Khoury College of Computer Sciences, Northeastern University, Boston, MA 02115, United States.
The Institute for Experiential AI, Northeastern University, Boston, MA 02115, United States.
Bioinformatics. 2024 Jun 28;40(Suppl 1):i428-i436. doi: 10.1093/bioinformatics/btae233.
Cross-linking tandem mass spectrometry (XL-MS/MS) is an established analytical platform used to determine distance constraints between residues within a protein or from physically interacting proteins, thus improving our understanding of protein structure and function. To aid biological discovery with XL-MS/MS, it is essential that pairs of chemically linked peptides be accurately identified, a process that requires: (i) database search, that creates a ranked list of candidate peptide pairs for each experimental spectrum and (ii) false discovery rate (FDR) estimation, that determines the probability of a false match in a group of top-ranked peptide pairs with scores above a given threshold. Currently, the only available FDR estimation mechanism in XL-MS/MS is the target-decoy approach (TDA). However, despite its simplicity, TDA has both theoretical and practical limitations that impact the estimation accuracy and increase run time over potential decoy-free approaches (DFAs).
We introduce a novel decoy-free framework for FDR estimation in XL-MS/MS. Our approach relies on multi-sample mixtures of skew normal distributions, where the latent components correspond to the scores of correct peptide pairs (both peptides identified correctly), partially incorrect peptide pairs (one peptide identified correctly, the other incorrectly), and incorrect peptide pairs (both peptides identified incorrectly). To learn these components, we exploit the score distributions of first- and second-ranked peptide-spectrum matches for each experimental spectrum and subsequently estimate FDR using a novel expectation-maximization algorithm with constraints. We evaluate the method on ten datasets and provide evidence that the proposed DFA is theoretically sound and a viable alternative to TDA owing to its good performance in terms of accuracy, variance of estimation, and run time.
交联串联质谱(XL-MS/MS)是一种成熟的分析平台,用于确定蛋白质内残基之间或物理相互作用的蛋白质之间的距离约束,从而提高我们对蛋白质结构和功能的理解。为了通过 XL-MS/MS 促进生物学发现,准确识别化学交联的肽对至关重要,这一过程需要:(i)数据库搜索,为每个实验谱创建候选肽对的排名列表,以及(ii)错误发现率(FDR)估计,确定在一组得分高于给定阈值的排名靠前的肽对中出现错误匹配的概率。目前,XL-MS/MS 中唯一可用的 FDR 估计机制是靶标-诱饵方法(TDA)。然而,尽管 TDA 简单,但它存在理论和实际的局限性,这会影响估计的准确性,并增加潜在无诱饵方法(DFA)的运行时间。

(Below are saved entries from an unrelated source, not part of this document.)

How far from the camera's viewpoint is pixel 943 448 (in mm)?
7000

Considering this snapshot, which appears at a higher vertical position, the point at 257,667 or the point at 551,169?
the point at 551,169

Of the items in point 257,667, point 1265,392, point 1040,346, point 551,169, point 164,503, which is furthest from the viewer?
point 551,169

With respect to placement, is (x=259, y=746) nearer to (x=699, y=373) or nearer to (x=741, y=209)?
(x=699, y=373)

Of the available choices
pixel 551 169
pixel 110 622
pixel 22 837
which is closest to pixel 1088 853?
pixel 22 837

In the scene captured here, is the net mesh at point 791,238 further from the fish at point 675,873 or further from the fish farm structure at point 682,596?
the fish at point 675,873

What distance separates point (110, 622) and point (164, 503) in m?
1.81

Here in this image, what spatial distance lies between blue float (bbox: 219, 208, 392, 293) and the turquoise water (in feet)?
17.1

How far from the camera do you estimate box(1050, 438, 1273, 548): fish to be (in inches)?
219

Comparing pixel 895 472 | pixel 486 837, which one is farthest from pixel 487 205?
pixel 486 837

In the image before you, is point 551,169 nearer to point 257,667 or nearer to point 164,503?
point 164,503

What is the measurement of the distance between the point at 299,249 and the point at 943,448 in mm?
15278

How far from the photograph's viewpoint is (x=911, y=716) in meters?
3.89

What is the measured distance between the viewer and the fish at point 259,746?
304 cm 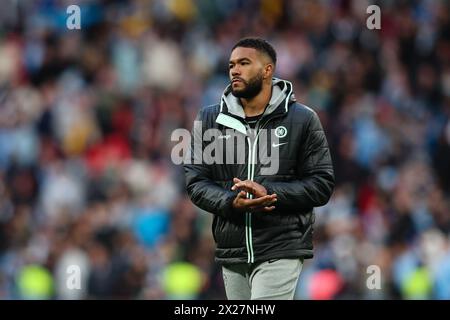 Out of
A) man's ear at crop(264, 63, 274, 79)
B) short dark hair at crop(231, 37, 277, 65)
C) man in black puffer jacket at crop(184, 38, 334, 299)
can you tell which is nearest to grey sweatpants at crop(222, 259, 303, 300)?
man in black puffer jacket at crop(184, 38, 334, 299)

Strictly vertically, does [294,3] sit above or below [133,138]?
above

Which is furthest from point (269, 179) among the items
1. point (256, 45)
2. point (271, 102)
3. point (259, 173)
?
point (256, 45)

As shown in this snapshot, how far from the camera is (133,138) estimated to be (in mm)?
12656

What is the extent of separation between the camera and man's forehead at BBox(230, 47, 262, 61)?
5816 millimetres

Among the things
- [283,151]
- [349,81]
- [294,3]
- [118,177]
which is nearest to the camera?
[283,151]

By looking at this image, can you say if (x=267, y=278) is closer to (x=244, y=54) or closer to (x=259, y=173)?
(x=259, y=173)

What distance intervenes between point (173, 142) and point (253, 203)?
677cm

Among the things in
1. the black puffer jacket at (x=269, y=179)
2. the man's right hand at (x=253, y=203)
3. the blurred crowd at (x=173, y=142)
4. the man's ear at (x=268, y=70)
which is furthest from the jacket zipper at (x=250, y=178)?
the blurred crowd at (x=173, y=142)

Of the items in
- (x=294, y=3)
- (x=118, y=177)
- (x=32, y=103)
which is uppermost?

我们提出了一种用于 XL-MS/MS 中 FDR 估计的新颖的无诱饵框架。我们的方法依赖于偏态正态分布的多样本混合物,其中潜在成分对应于正确肽对(两个肽都正确鉴定)、部分不正确肽对(一个肽正确鉴定,另一个不正确鉴定)和不正确肽对(两个肽都不正确鉴定)的分数。为了学习这些成分,我们利用每个实验谱的第一和第二排名肽谱匹配的分数分布,随后使用具有约束的新期望最大化算法估计 FDR。我们在十个数据集上评估了该方法,并提供了证据表明,由于其在准确性、估计方差和运行时间方面的良好表现,所提出的 DFA 在理论上是合理的,并且是 TDA 的可行替代方案。